> **Goal of the exercise**
Repeat the data below exactly, dropping any pictures it holds.

> **Source data**
>>
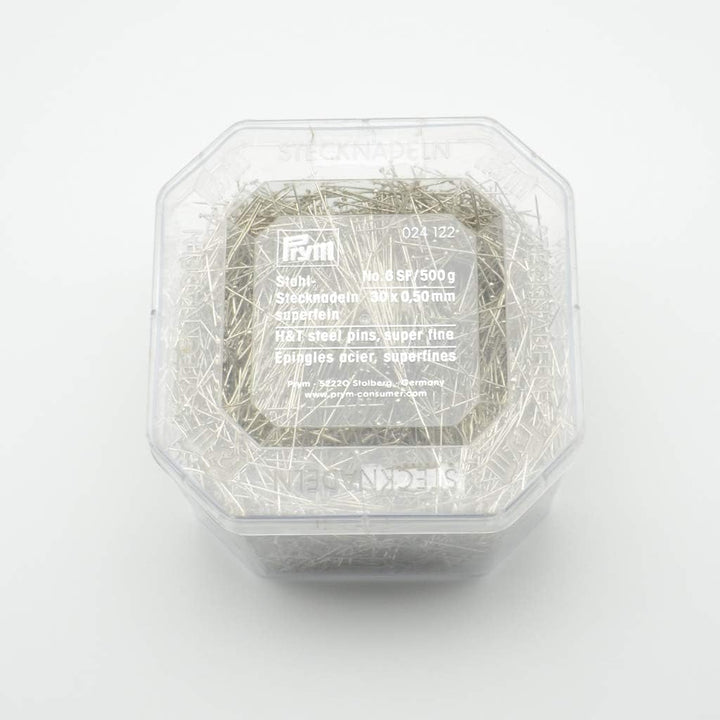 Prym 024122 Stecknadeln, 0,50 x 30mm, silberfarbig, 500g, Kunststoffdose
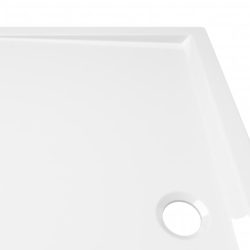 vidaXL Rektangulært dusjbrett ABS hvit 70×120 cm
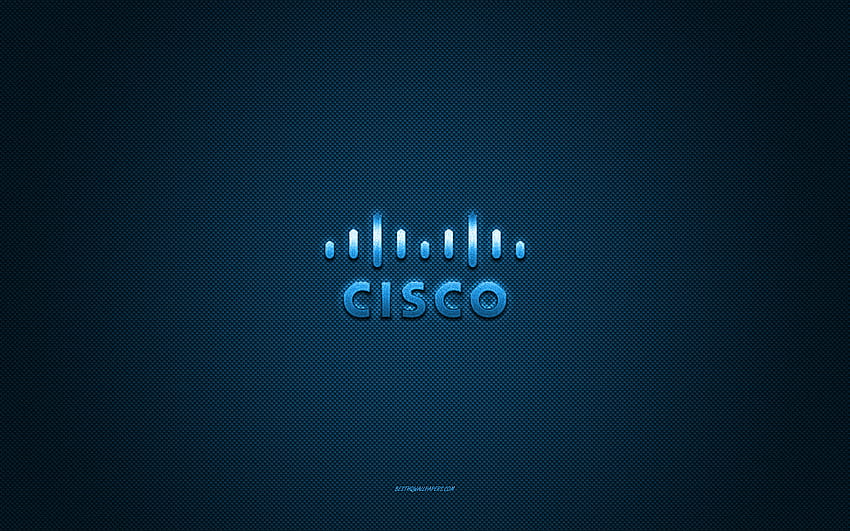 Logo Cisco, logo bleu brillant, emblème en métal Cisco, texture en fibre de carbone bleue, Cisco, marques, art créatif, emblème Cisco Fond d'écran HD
<<
> **Completed exercise**
 Prym 024122 Stecknadeln, 0,50 x 30mm, silberfarbig, 500g, Kunststoffdose
 vidaXL Rektangulært dusjbrett ABS hvit 70×120 cm
 Logo Cisco, logo bleu brillant, emblème en métal Cisco, texture en fibre de carbone bleue, Cisco, marques, art créatif, emblème Cisco Fond d'écran HD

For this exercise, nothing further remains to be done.